Tuesday, December 11, 2012

Messiah at Handel and Haydn Society





Our annual Messiah season kicked off in a major way last weekend with the Handel and Haydn version, which in many ways reached a new artistic peak for that venerable organization.  This year H&H engaged a world-class interpreter of Handel, Canadian soprano Karina Gauvin, as a soloist - and she delivered and then some; indeed, her reading of the soprano arias probably counts as the most subtly expressive I've ever heard.  It turns out that Ms. Gauvin isn't quite as powerful throughout her gorgeous range as I'd hoped (the projection of a voice is one thing that's particularly hard to gauge from recordings); but this slight gap amounted only to the difference between being enchanted and ravished. And I was utterly enchanted; Handel holds the soprano back until his setting of those lovely verses from Luke in which the angels bring good tidings of great joy, and Ms. Gauvin did, in this scene, seem all but angelic.  My vote is to have her back every year.

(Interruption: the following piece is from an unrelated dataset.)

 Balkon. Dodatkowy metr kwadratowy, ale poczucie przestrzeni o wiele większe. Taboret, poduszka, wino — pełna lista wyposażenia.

As longtime Hub Review readers know, Ms. Gauvin's presence largely filled a persistent gap at Handel and Haydn, where the salient artistic problem usually revolves around finding soloists who can hold their own against a chorus which is now so consistently terrific that it may count as the most reliable musical organization in the city.  And they were at the top of their game (as usual) through the length of Messiah - perfect intonation and crisp diction in rich, vibrant timbres - the works; this is the Rolls Royce of Boston chorales.

By now I've reviewed close to half a dozen Messiahs from artistic director Harry Christophers; as I recall, it was the first of these, back in 2007, during H&H's search for a new director, that made me go, "Wow- this is their guy!" (so you can imagine how pleased I was when they agreed).  And I'd say his basic approach to this masterpiece hasn't varied much.  Although every year he tinkers with this or that, the Christophers Messiah is reliably a piece of heartfelt eloquence, a passionate flower of the Anglican tradition that all but glows with emotion.  It is grand without being gaudy, light but still measured, and floating rhetorically in a spiritual space in which church and state can humanely overlap.  In the end, Christophers understands that Messiah is a poem, indeed a kind of valedictory, assembled mosaic-like from lines (and sometimes snippets) from centuries of sacred writing that delineate the transformation of the Jewish idea of an anointed savior into the Christian concept of a divine redeemer.

Now whether you believe in the Christian idea of God Incarnate or not (I don't), it's hard not to be moved by the power of Handel's (and librettist Charles Jennens') grandly detailed conception.  And somehow Christophers manages to channel their sense of spiritual grace for a secular age; his Messiah seems to revel in its roots, its connectedness to the best of a glorious tradition.  (Perhaps that's why the H&H crowd still instinctively stands for the "Hallelujah Chorus.")

Of course - the Christophers version has its quirks, chief among them the repeated presence of a countertenor in the alto role.  This year's model was Daniel Taylor, who I admit did boast a hauntingly mournful middle range.  But we got quite enough of that color, and its attendant dolor, in "He was despised and rejected," (which this year Christophers took at a crawl), and elsewhere Taylor seemed unable to modulate into the hopefulness of "Then shall the eyes of the blind be opened," much less the joy of "O Death, where is thy sting?"

Luckily, the other soloists offered more variety.  Tenor James Gilchrist had an eccentric way with Handelian melisma, to be sure, but he had a surprising power at his command, and something like Old-Testament thunder in such recitatives as "All they that see Him laugh Him to scorn." And then suddenly, with "Thy rebuke hath broken His heart" Gilchrist was indeed, heartbreaking.  Almost as good was Sumner Thompson, a local favorite of mine, who isn't quite a bass, but who nevertheless could summon a stern, old-school authority, as well as an unexpectedly poignant lyricism in the aria that I feel is the most beautiful in the whole oratorio, "The trumpet shall sound."

The trumpets do sound, of course, from all over Symphony Hall in the H&H version, and as played by Jesse Levine and Paul Perfetti, they were glorious this year.  The winds were once again on point as well, and the strings their familiar agile selves; meanwhile the reliable John Grimes brought his usual rolling flair to the timpani.  It was another grand and memorable edition in what has become a 194-year tradition at Handel and Haydn.